Peter Robb's recent M: The Man Who Became Caravaggio is instant time machine. A full scale 600 page biography, the book is written in a seductive, relaxed English that easily communicates both Robb's deep appreciation for Caravaggio and his wide ranging knowledge Rome and Italy around 1600.

Using slang when necessary (there is talk of Caravaggio's "fuck boys") and art history jargon when necessary ("oniric" sent me to the dictionary--it means dream-like), Robb, on the basis of the very scant documentary information we have about the painter's life, puts the reader vividly on scene. It's a kind of "you are there" approach to biography which more writers would do well to emulate.

Caravaggio (1571-1610) lived a short, violent life in an age of growing repression and extraordinary creativity. The Inquisition was still active in southern Europe (Giardano Bruno was burned at the stake in 1600 just a few meters from where Caravaggio was living and painting). But a couple of hundred kilometers away, Galileo was reshaping the scientific universe, and a bit farther to the northwest, Shakespeare was reshaping our understanding of ourselves.

As Robert Hughes noted so succinctly in the quotation above, Caravaggio changed Western art completely. And that's the story that Robb tells so brilliantly. Only the true blue-stocking would take offense at the sexual elements in the work, which, in fact, are minor and rather superficial compared to the massive assault Caravaggio made on how we see, how we represent how we see, and how we react to those representations.

When he was done (he died mysteriously at the age of 39 in 1610), the artists of the day knew what he had achieved. Rubens, Rembrandt, Velazquez, Vermeer were all strongly influenced by what they saw in his work. But the paintings strangely lapsed into a kind of art history limbo for three and a half centuries. One cannot avoid the suspicion that his overt sexuality had something to do with this. Only in the 20th century have art historians begun to resurrect him and the pictures (some 80 survive, scattered all over Europe and the United States).

The musty (whom we apparently shall always have with us) have not taken kindly to the book, partly because of its breezy, flowing style, but also partly because Robb reads the paintings so carefully.

Of course Caravaggio was homosexual. Only the most repressed among us can look at the paintings and fail to see that. But the repressed have been in charge for a long time, and the current generation of represseds don't like anybody threatening their vested interest. (For a fine example, take a look at a really miffed, prissy review by an art history professor at amazon.com.)

So what.

Robb's book includes only a small number of small color and black and white plates. Readers have complained about this, because Robb goes on at wonderful length and in great detail about each picture.

There are three solutions, the first two of which are not really satisfactory.

1. Buy or get from a library a book of the paintings.

2. Go to the Carol Gerten Fine Art site with its three pages of Caravaggio's. (If you just can't wait, click here to see Amor vincet in a feature we did last year.)

3. Go look at the real thing. (Click here for a bonus map showing the location of the Caravaggio paintings in the United States.)

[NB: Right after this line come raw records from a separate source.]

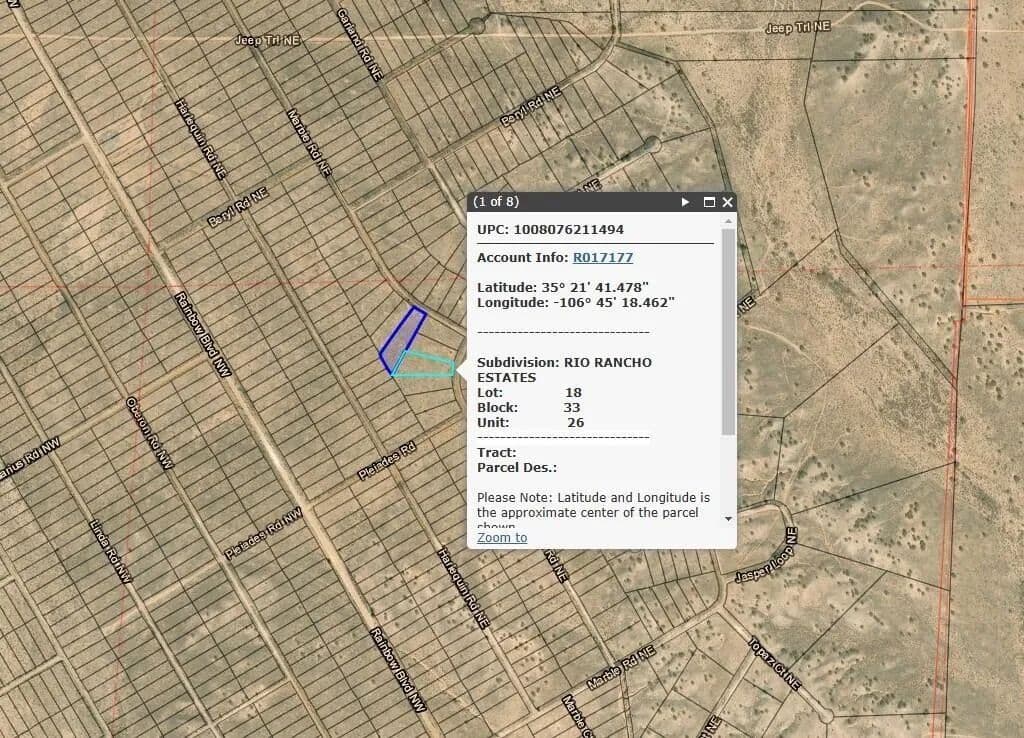 Land -Single Family Acreage in Rio Rancho - Rio Rancho, New Mexico, 87144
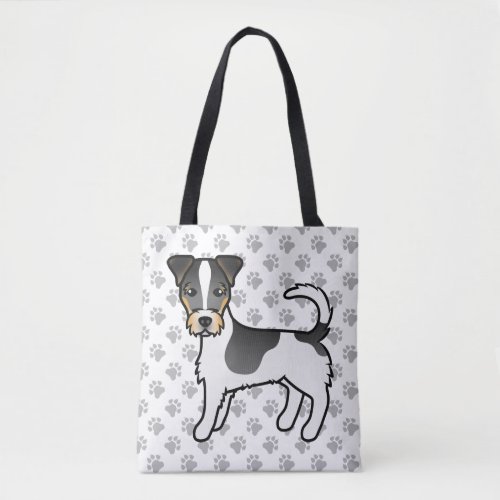 Tricolor Rough Coat Jack Russell Terrier Dog Tote Bag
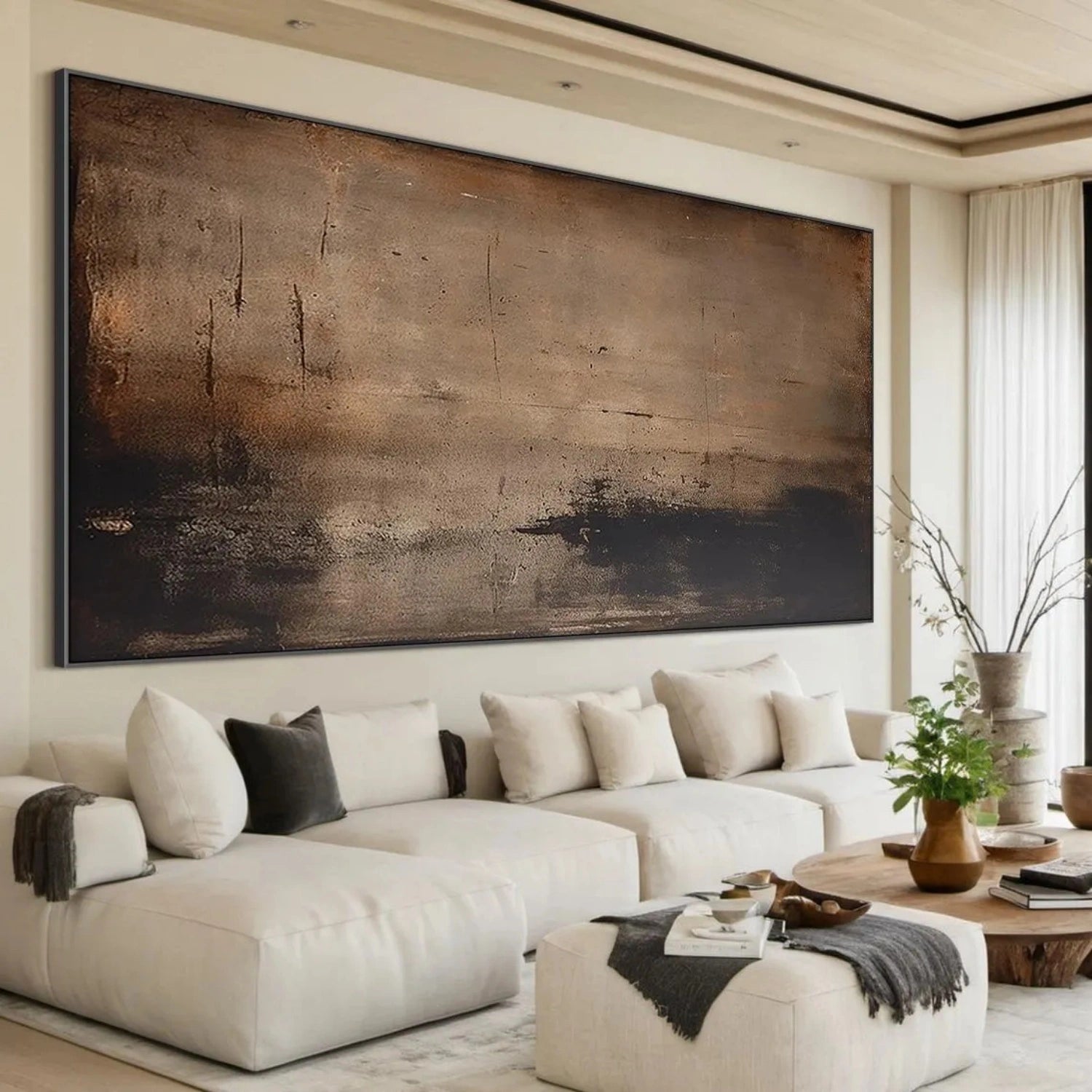 Silent Patina – Textured Abstract Wall Art Inspired by Time and Stillness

All art loses in reproduction. Great art loses the most because it is "great"; it has a quality which cannot really be talked about. It can only be talked around. No one has a name for this quality (though I tend to think of it has some kind of magic). Whatever it is, Caravaggio's best work has it in abundance. And, whether you look at a picture in a book or on the Internet, that quality is not there. How about this: It's roughly the difference between looking at a photograph of a beach on Maui and being on the beach.

Read Robb's book. Then go look at the paintings, whichever ones are closest to where you live. They changed people's lives. They can change yours.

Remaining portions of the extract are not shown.